Standard settlement is referred to as "regular way" settlement; after May 28, 2024,
"regular way" will mean T+1 in the U.S.
12th Edition FFSI (August 2022) with ISBN 9781991155450
Errors/Corrections in August 2022 Edition
p. 12. A simple typo. "34 bps" in the second-to-last paragraph should be "35.7 bps".
p. 175. "PERP's jump in share price will reflect only this retention-driven expansion of its capital base" should
read "PERP's jump in share price will reflect only this expansion of its capital base" (b/c there is no
earnings retention in this case).
p. 528. Word missing. Should be "or in companies that have dealings [with] countries with human rights violations"
7th Edition of Q&A Book (January 2021) with ISBN 9780995117358
Corrections in January 2021 Q&A Book Edition
I failed to mention that Q63 and Q113 (correlation for Stock S and Stock F) have a spreadsheet that you can download at the main Web page.
I failed to mention that Q285 and Q348 (Bachelier [1900] option pricing model) have a spreadsheet that you can download at the main Web page.
11th Edition FFSI (January 2022) with ISBN 9781991155429
Errors/Corrections in January 2022 Edition
p. 195: "is a equal-weight special case" should be "is an equal-weight special case".
p. 244: In the middle of the page, "82%" should be "72%".
p. 366: seven lines from the bottom, active share is described as "the sum of the absolute values"
but it should be "half the sum of the absolute values".
p. 528: Three lines from the bottom, in the footnote, "occurs" should be "occur".
pp. 74, 187, 285, 502, 698: the characters "textit" should be struck out.
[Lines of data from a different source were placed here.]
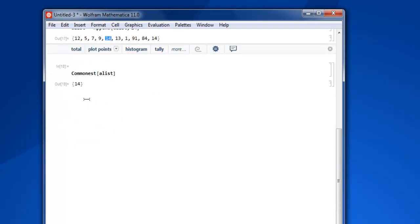So now we have learned how to find mean, median, and common value from our list using Mathematica.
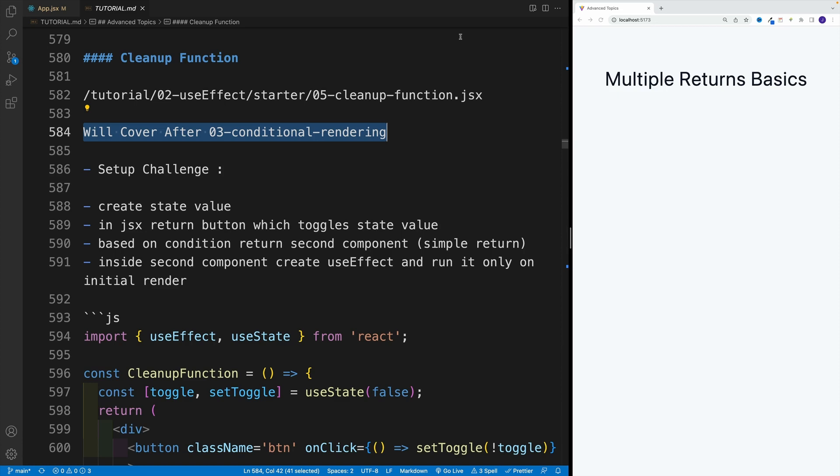Yes, I also prefer to cover everything step by step, essentially in order. But in this case, I did not see any other option. So again, let me repeat, we will skip useEffect cleanup function for now and come back to it once we're done with our next main topic, conditional rendering.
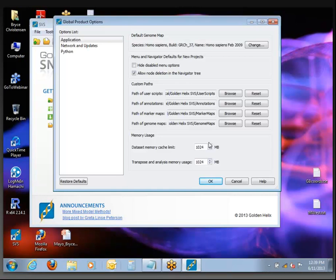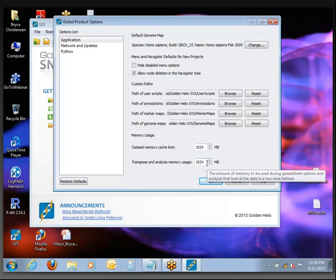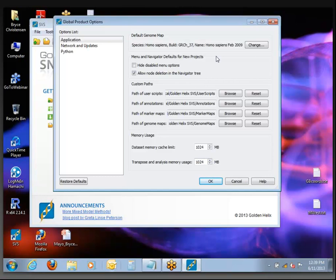64-bit gives you more flexibility in specifying things like memory cache limits. If you are on a computer with a lot of RAM available, there's some optimization that can come from increasing these limits. I usually don't like to get them too big — I find that there's sort of a balance point with being able to maintain good multitasking while also having enough RAM available to be useful.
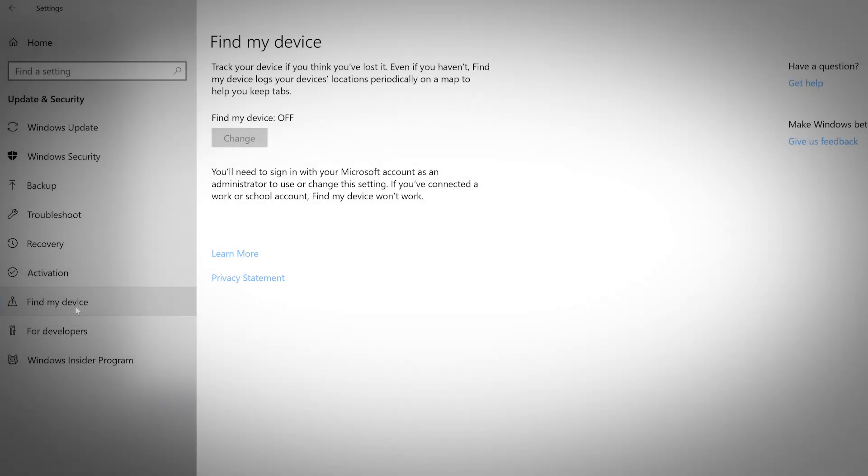The Find My Device tab lets you set up tracking on your device. This feature is very handy if your computer is lost or stolen. You will need to make sure that location services are turned on in order to use the Find My Device feature.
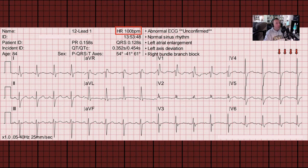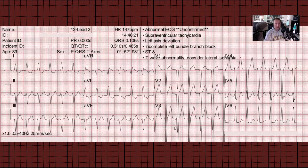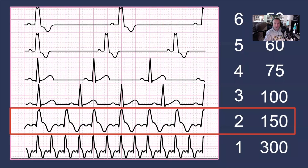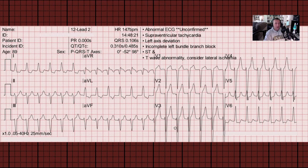Let's go even higher and look at an ECG with a heart rate very close to 150. The computer is measuring this heart rate at 147. For heart rates very close to 150, we should have about two large blocks in between cardiac cycles. Picking an R wave in lead aVR and counting: one, two large blocks in between R waves, proving that this heart rate is about 150.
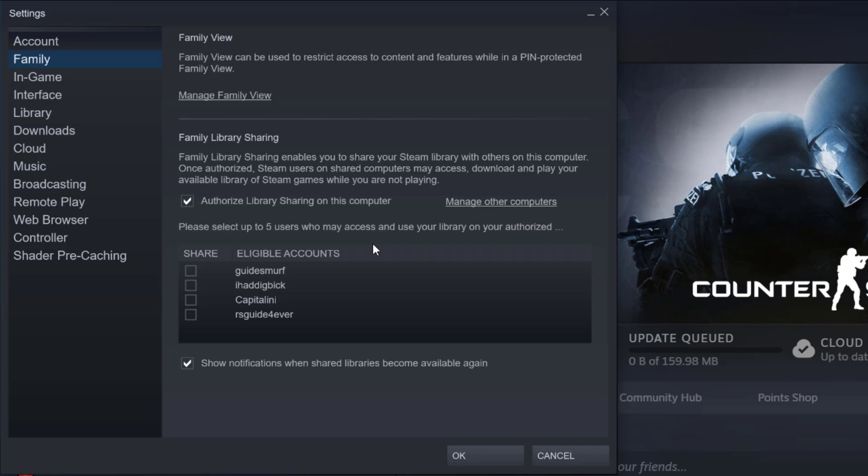So if you want your friend to be able to access your Steam library then he needs to log on to your computer with his Steam account, log off and then you log back into your account and then you can check him with this tick box right next to his name and then click OK and then he will be able to use your Steam library.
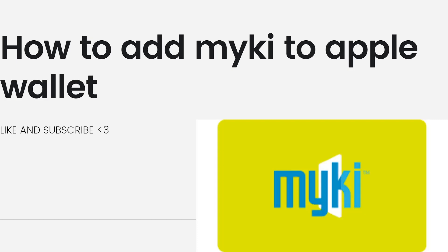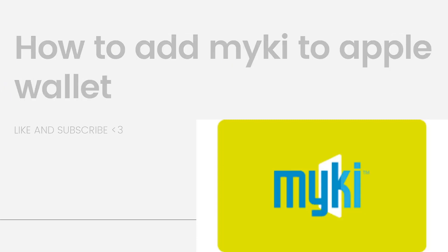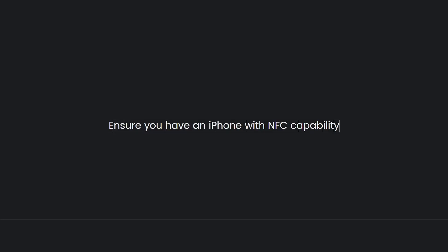First of all, ensure you have an iPhone with NFC capability. By the way, the process to add Myki to Apple Wallet involves using the official Myki app for iOS.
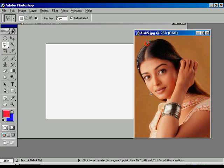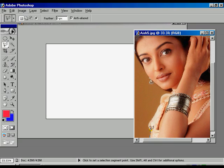Very carefully, step by step, go through the selection. If you want, you can press Ctrl+ to zoom the window and see the proper border. Select the border of the image properly.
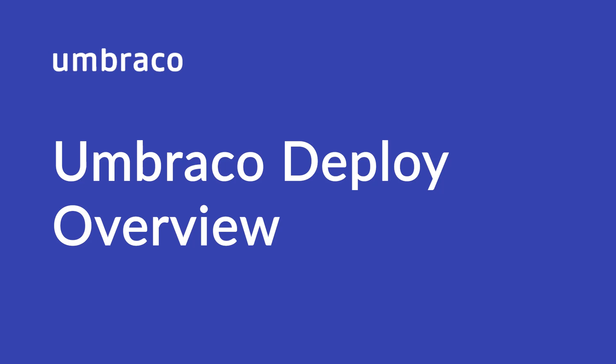Hello and welcome to Umbraco Learning Base, Jonathan here. In this video we are going to have a look at Umbraco Deploy and the features it has to offer.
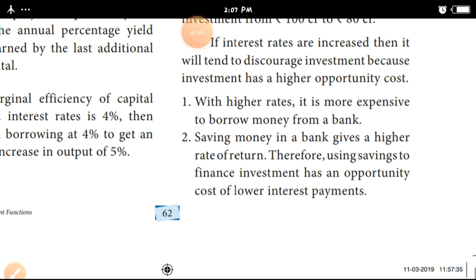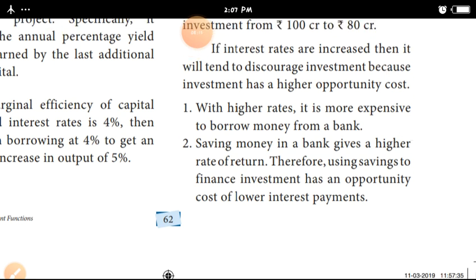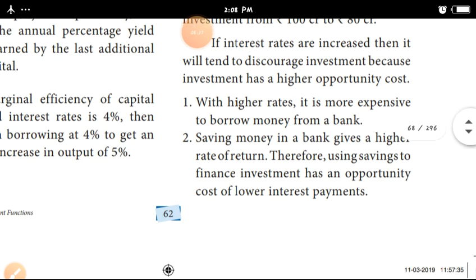Second, saving money in a bank gives a higher rate of return. Therefore, using savings to finance investment has an opportunity cost of lower investment payments. That's why we have to pay for the money in a bank.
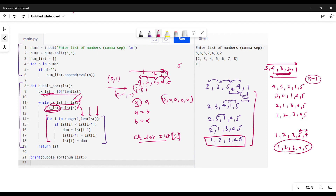To print the output, I pass the num_list to the bubble sort function and print the result. The question says to use about ten numbers — I've used seven here, but you can use ten. You can see that a randomly ordered input is correctly sorted in ascending order by the bubble sort algorithm.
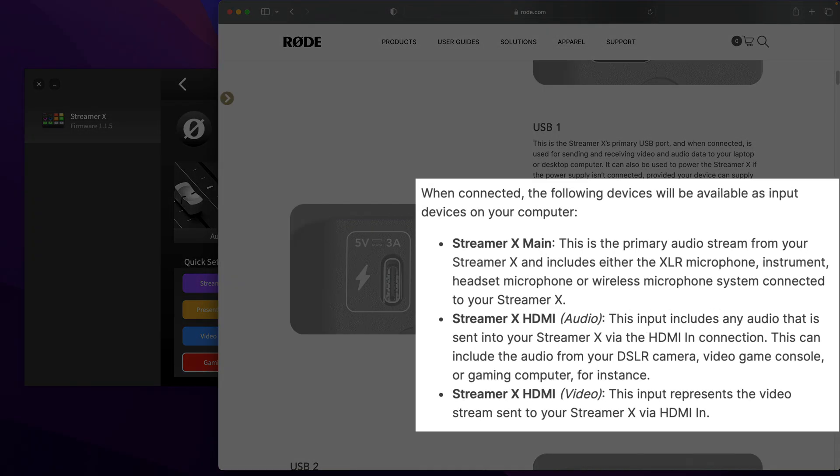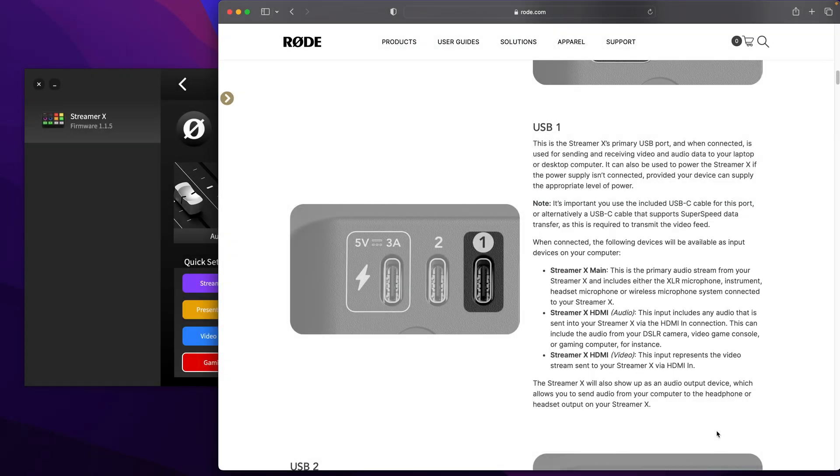it actually states that the Streamer X main channel is your primary audio stream that includes either the XLR microphone, instrument, headset microphone, or wireless microphone. And what I've found is that it's blending the HDMI stream into that main stream as well. That can be a real problem depending on what you're trying to do.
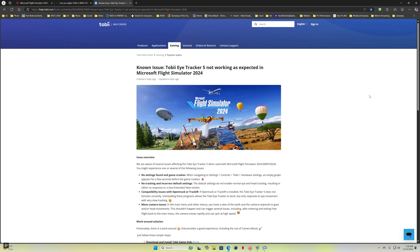Like many of you, I love Microsoft Flight Simulator 2024 and I prefer to use Head Tracking and I love to use Tobii Eye Tracker 5.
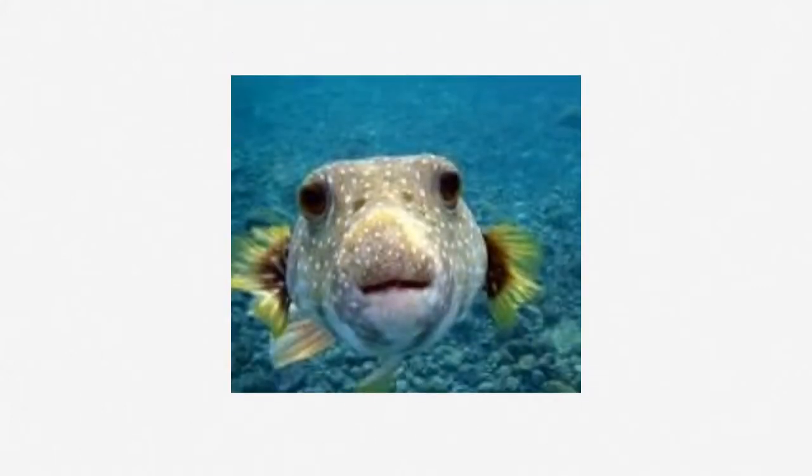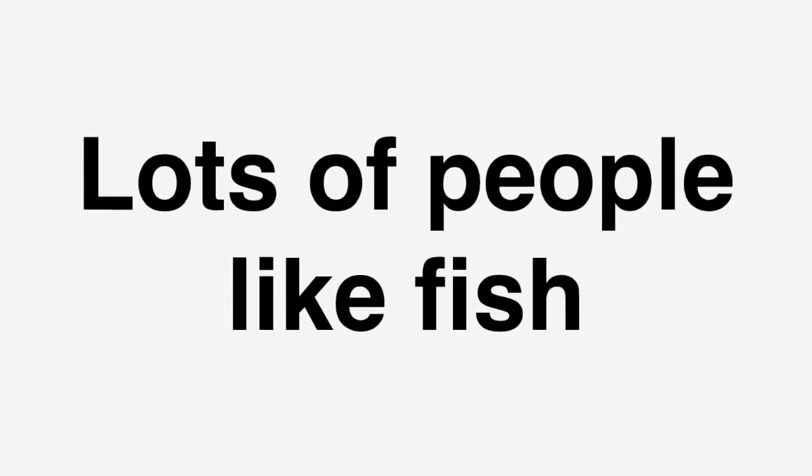This is another photo of a fish. Lots of people like fish. They can be seen in many places such as oceans, lakes, rivers.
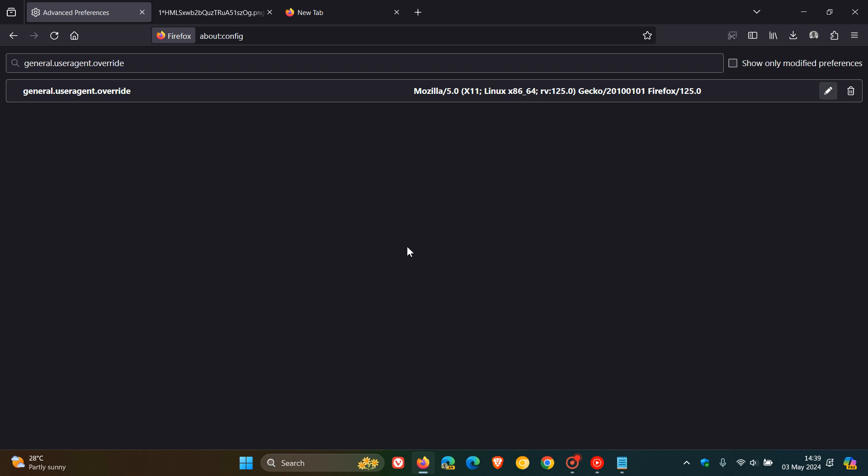So that's basically the workaround until Mozilla and/or Google roll out a fix.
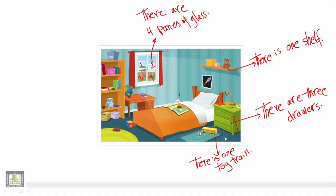Again, we have just one bed. We use there is one bed because we just have one bed.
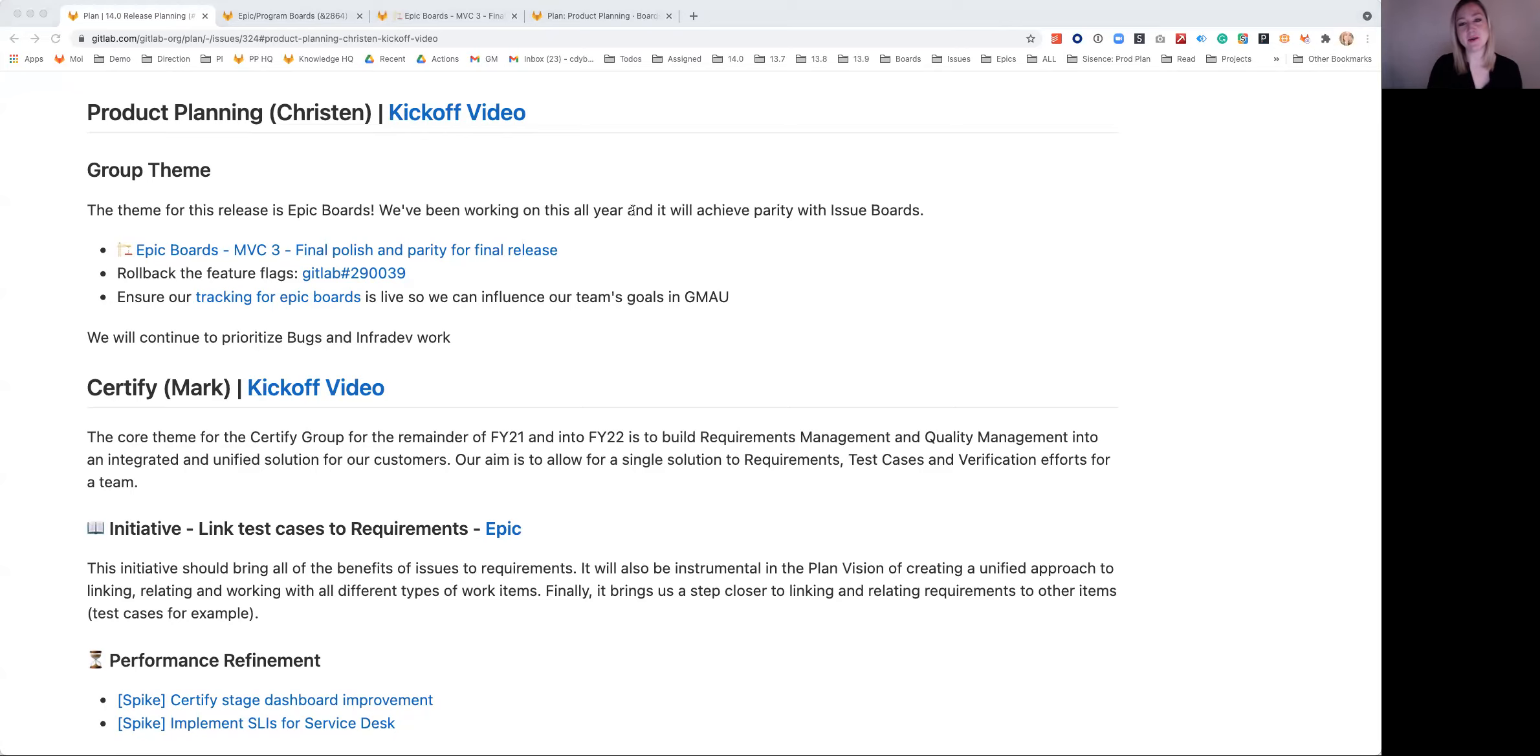Hi, my name is Kristin Debenko, and I'm a PM in the product planning group in the plan stage at GitLab. This is our 14.0 kickoff.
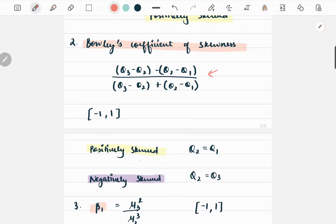The distribution will be positively skewed for all positive values of the coefficient. In such a case we observe that the second quartile is closer to the first quartile, making the coefficient positive. For negatively skewed distributions, the second quartile value will be closer to the third quartile value.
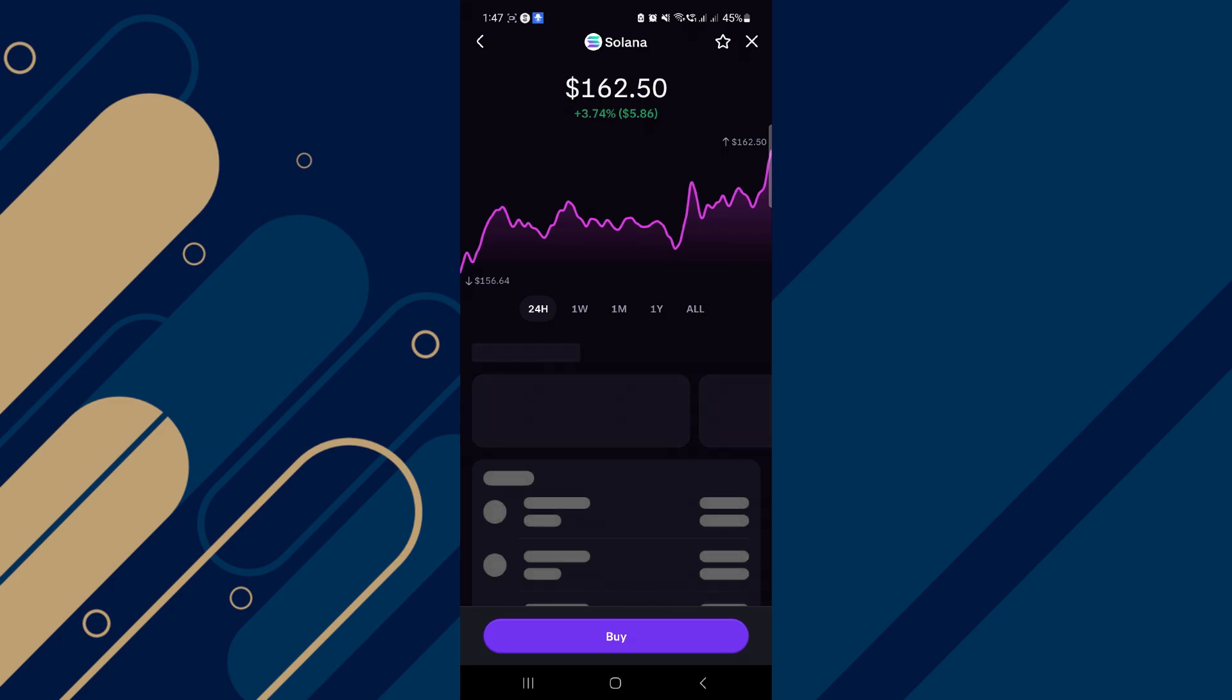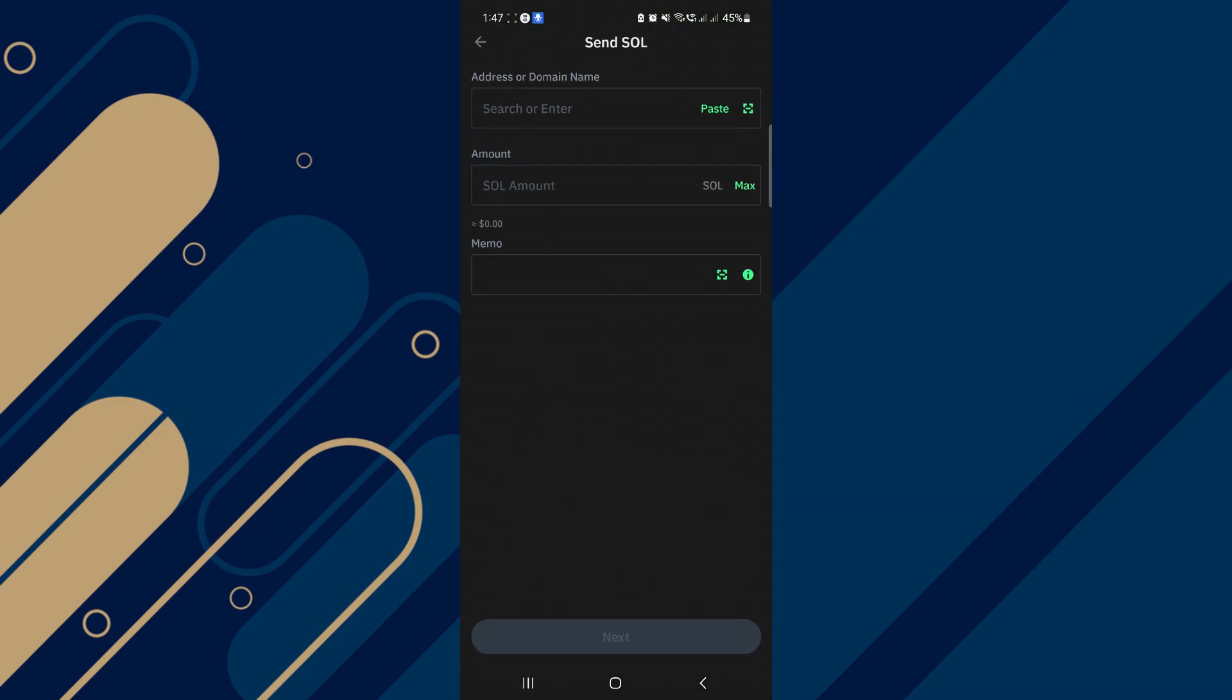You just have to copy that address from here and come back to Trust Wallet. Here, paste that wallet address and enter the amount. Then again, go to Kraken Exchange and copy the memo and paste it into Trust Wallet. After that, tap on Submit and you are good to go.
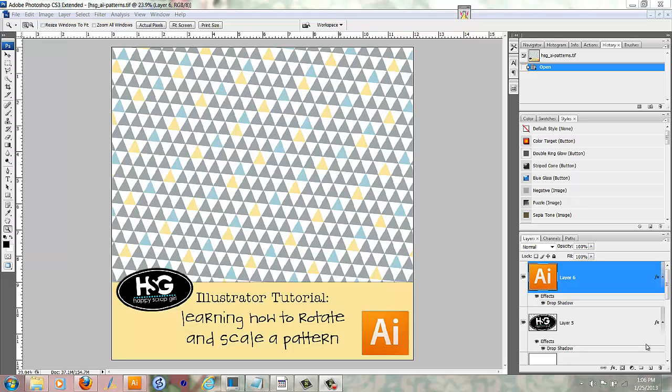Hi, Happy Scrap Girl here. Welcome to this video tutorial on how to rotate and scale a pattern in Adobe Illustrator.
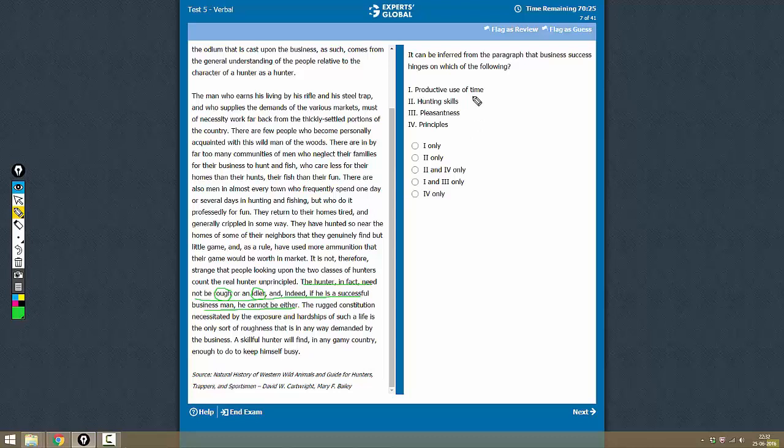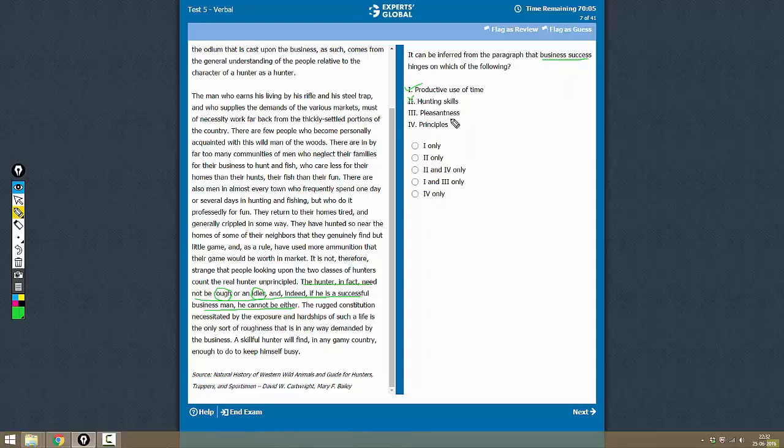Productive use of time - yes, productive use of time is important for business success. Hunting skills will obviously be important for a hunter, but we are talking about business success in general, so this is not correct.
This is a software glitch.
10th Edition FFSI (December 2020) with ISBN 978-0-9951173-6-5
Errors/Corrections in December 2020 Edition
Some of these errors are the result of material being moved around during the latest revision.
So, some items have accidentally been mentioned too soon relative to where they are defined for
the first time. These errors will be fixed in either a revised 10th edition in late 2021 or in a new
11th edition in 2022.
p. 7 basis points are mentioned in passing (in the box) before being formally defined on p. 10 (in the footnote).
p. 18 mean blur is mentioned in passing before being defined. It is a common theme in the book, but is not defined until the middle of p. 68.
p. 20 the SLLN is mentioned but not defined until p. 53.
p. 29 says here are two more job interview questions. In fact, these are the first to appear in the book.
p. 147 says that SNR R_i is lognormally distributed. In fact, it is SGR=(1+R_i) that is lognormally distributed.
p. 157 "time line" should be "timeline".
p. 261 seven lines from the bottom says that vec H and vec G can be used to span the frontier.
This is incorrect. (vec H + vec G) and vec G can be used to span the frontier. vec H is not a set of portfolio weights, because they add to zero.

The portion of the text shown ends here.